Even with so much stylized pandemonium, it can be hard to overlook how frequently Belladonna staggers over the line between transgressive pop-porn and the kind of outright misogyny that mars so many otherwise righteous female-driven revenge narratives. Still, given Jeanne’s uncompromising ownership of her profane desires and independence from her milquetoast husband, it was miles more progressive than anything coming out of the West in 1972. The film’s montages are bookended by still-life illustrations that resemble art-brut storyboards over which the dialogue is spoken. These episodes, with their curiously unfinished and sketchy figuration of witches and warlocks—like if Egon Schiele drew an edition of The Dungeon Master’s Guide—aren’t exactly the highlight of the film, but no worse than the old herky-jerky Marvel cartoons from the 60s. And anyway, the second half of the film is largely given over to the psychosexual exploits of Jeanne and her devil friend, who even in his final form retains a phallic hairdo and tells Jeanne, “You are even more beautiful than God,” which I think is an awfully sweet thing to say.

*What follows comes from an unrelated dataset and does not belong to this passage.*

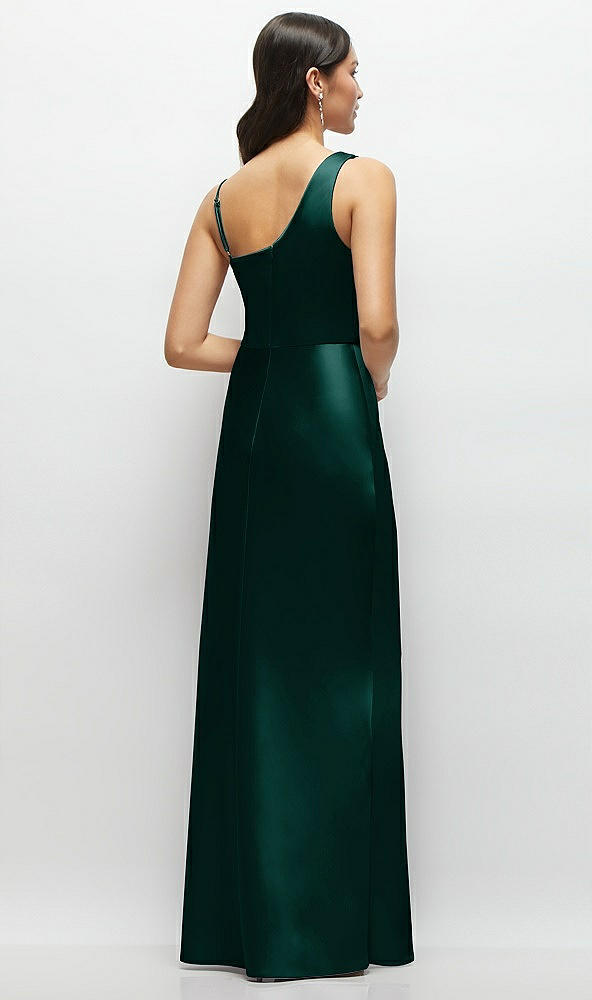 Back View - Evergreen One-Shoulder Draped Cowl A-Line Satin Maxi Dress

Belladonna of Sadness is deserving of a place in the cultural memory because it marks the moment when the Times Square porn groove met manga cuteness, and because it happens to function as an omnibus of 20th century modes, including that of the Impressionist watercolor, the fuzzy Kandinsky-esque geometric dissolve, and the prog-rock album sleeve. It is also clear from some of the dialogue (“Ignoring status is against God! The work of the devil!”) that the acceleration of Japanese pop culture was imminent, making Belladonna as much a social document as a benchmark in visual storytelling. And Cinelicious’s gorgeous restoration from 35mm and subsequent North American release means that it is destined to take its place in the personal mythos of the retro-fetishist, high-trash, obscurist, art-creep demographic alongside recent rediscoveries like Holy Mountain, Possession, and Hausu.

In other words, Belladonna of Sadness is an answer to the prayers of those whose taste in film has evolved to the point where it echoes Jeanne’s rejoinder to Satan, when he asks what she wants to do with her newfound energies: “Anything… so long as it’s bad.” Caligula would’ve wept.